Fighting in RafiahBy Elliot Chodoff The volume of nonsense appearing in Western media reports this week concerning the IDF operation in Rafiah in the Gaza Strip borders on the fantastic. Given that anything the IDF does is almost automatically condemned by these sources, and nearly any Palestinian terrorist act is met with at least understanding if not out right approval, this week has witnessed some of the most blatant distortions in both terminology and reporting seen in the current terrorist war.
The IDF began its operations in Rafiah early this week to attempt, once and for all, to neutralize two major security threats: the corridor along the Egyptian border which has been the target of countless attacks on IDF troops over the past four years, and the numerous tunnels which run under the corridor between Rafiah and its Egyptian sister city.
Last week, the deaths of 13 IDF soldiers at the hands of Palestinians in Gaza brought these two threats into sharp focus. Seven were killed in the corridor by roadside bombs, antitank ambushes, and snipers, and six were killed when their armored vehicle was destroyed by a roadside bomb in an operation to eliminate rocket factories in Gaza. In all cases, the weapons, ammunition and explosives were smuggled into Gaza through the Rafiah tunnels. This week it was decided to put an end to the flow of weapons from Egypt into Gaza.

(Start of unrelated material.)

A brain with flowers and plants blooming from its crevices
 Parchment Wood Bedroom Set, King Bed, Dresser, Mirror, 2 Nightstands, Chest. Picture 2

Relatively high Palestinian casualties resulted, not from indiscriminate IDF fire, but from a number of behavioral phenomena on the Palestinian side. First, buoyed by their successes in the previous week, Palestinian gunmen made the often fatal mistake of thinking that they could take on the IDF in face to face combat. Second, the Palestinian gunmen used their regular technique of bringing noncombatants, especially children, into the combat zone. And third, Palestinian “bystanders” routinely exposed themselves to danger in the midst of ongoing combat.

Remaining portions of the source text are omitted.